### [Material for this exercise]
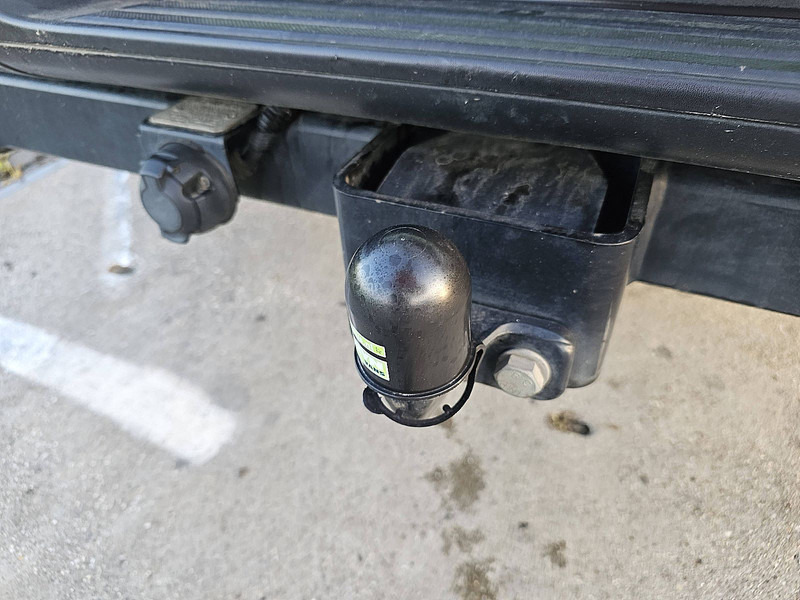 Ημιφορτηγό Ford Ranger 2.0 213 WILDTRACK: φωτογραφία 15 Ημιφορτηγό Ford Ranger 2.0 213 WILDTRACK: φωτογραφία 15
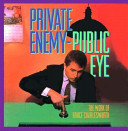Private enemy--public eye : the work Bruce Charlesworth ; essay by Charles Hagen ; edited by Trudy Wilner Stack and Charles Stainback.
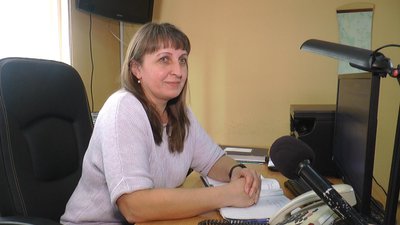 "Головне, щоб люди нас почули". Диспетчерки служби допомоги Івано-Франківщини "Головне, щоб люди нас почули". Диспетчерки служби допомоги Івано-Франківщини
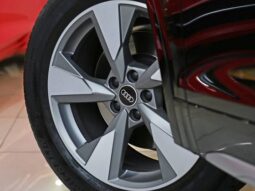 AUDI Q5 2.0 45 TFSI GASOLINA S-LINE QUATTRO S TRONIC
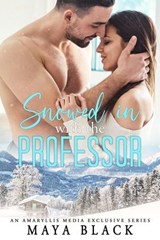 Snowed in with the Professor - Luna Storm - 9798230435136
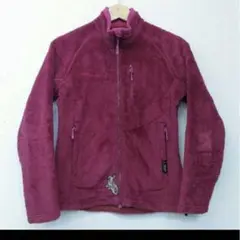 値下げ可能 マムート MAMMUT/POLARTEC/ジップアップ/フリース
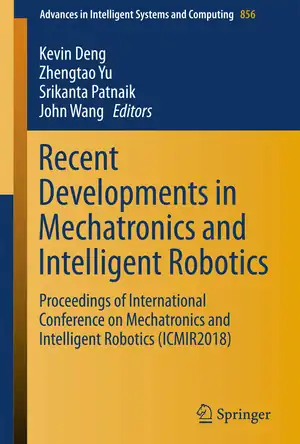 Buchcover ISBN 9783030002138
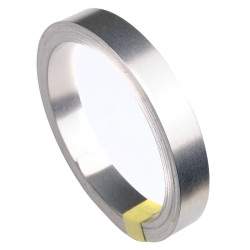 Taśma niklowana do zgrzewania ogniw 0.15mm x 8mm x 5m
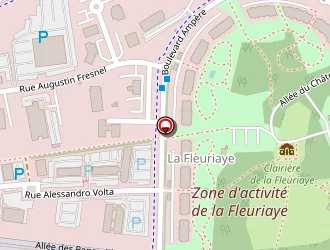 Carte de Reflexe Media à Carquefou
==
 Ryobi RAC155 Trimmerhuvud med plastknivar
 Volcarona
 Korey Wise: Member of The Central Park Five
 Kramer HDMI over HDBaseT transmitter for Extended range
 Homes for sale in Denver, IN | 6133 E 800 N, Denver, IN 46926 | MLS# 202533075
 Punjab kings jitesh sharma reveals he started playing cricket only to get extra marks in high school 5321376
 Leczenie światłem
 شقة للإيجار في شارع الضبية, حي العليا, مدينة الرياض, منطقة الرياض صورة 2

### [Work item]
Take the lines above starting at the one containing "φωτογραφία 15 Ημιφορτηγό" and ending at the one containing "Carte de Reflexe Media à Carquefou", and print them again exactly, without pictures.

### [Written solution]
 Ημιφορτηγό Ford Ranger 2.0 213 WILDTRACK: φωτογραφία 15 Ημιφορτηγό Ford Ranger 2.0 213 WILDTRACK: φωτογραφία 15
Private enemy--public eye : the work Bruce Charlesworth ; essay by Charles Hagen ; edited by Trudy Wilner Stack and Charles Stainback.
 "Головне, щоб люди нас почули". Диспетчерки служби допомоги Івано-Франківщини "Головне, щоб люди нас почули". Диспетчерки служби допомоги Івано-Франківщини
 AUDI Q5 2.0 45 TFSI GASOLINA S-LINE QUATTRO S TRONIC
 Snowed in with the Professor - Luna Storm - 9798230435136
 値下げ可能 マムート MAMMUT/POLARTEC/ジップアップ/フリース
 Buchcover ISBN 9783030002138
 Taśma niklowana do zgrzewania ogniw 0.15mm x 8mm x 5m
 Carte de Reflexe Media à Carquefou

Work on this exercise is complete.